*TASK PROMPT*
Please write out all the data that follows exactly, without the pictures.

*DATA SEGMENT*
· · ·

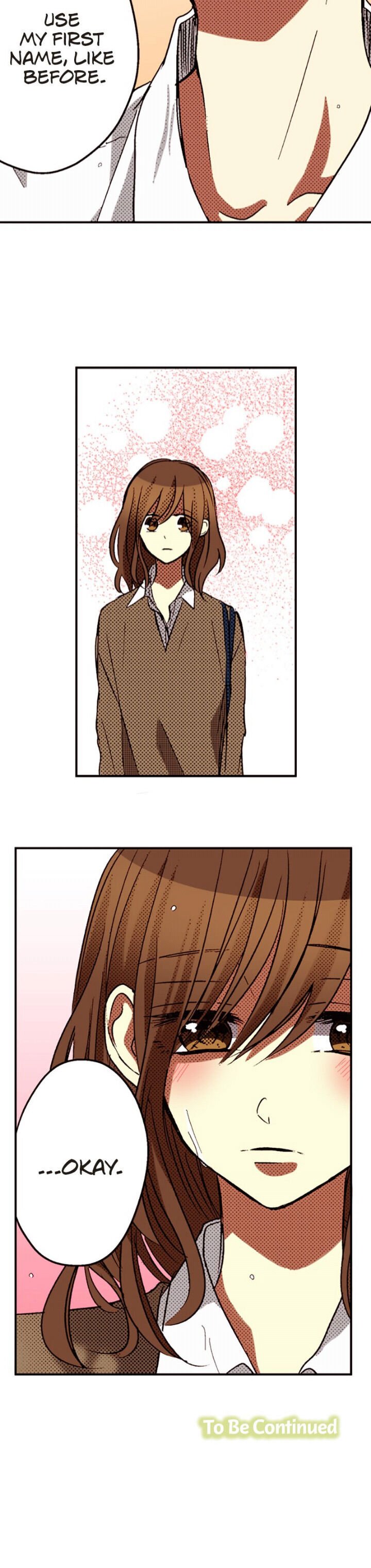 I Don’t Like That Smile Chapter 53 - page 17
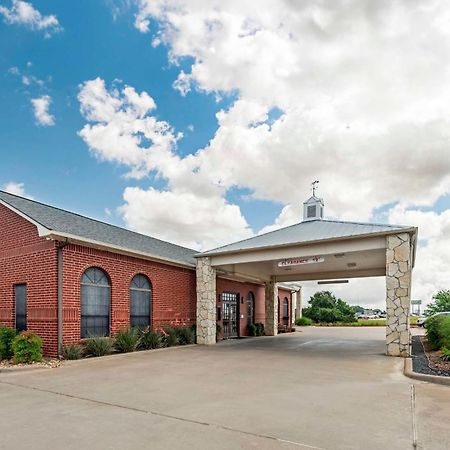 Best Western Brenham Exterior foto
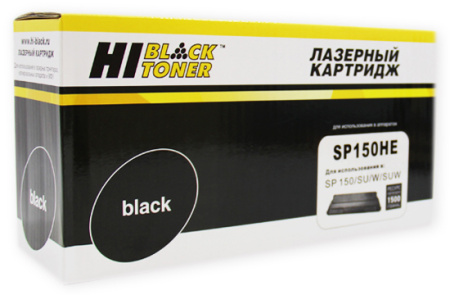 Картридж Hi-Black HB-SP150HE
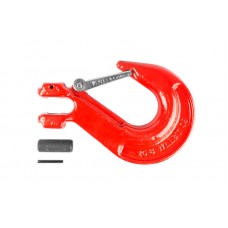 Крюк с вилочным креплением и защелкой TOR г/п 8,0 тн (S) (1047759)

· · ·

*RESPONSE TO THIS TASK*
 I Don’t Like That Smile Chapter 53 - page 17
 Best Western Brenham Exterior foto
 Картридж Hi-Black HB-SP150HE
 Крюк с вилочным креплением и защелкой TOR г/п 8,0 тн (S) (1047759)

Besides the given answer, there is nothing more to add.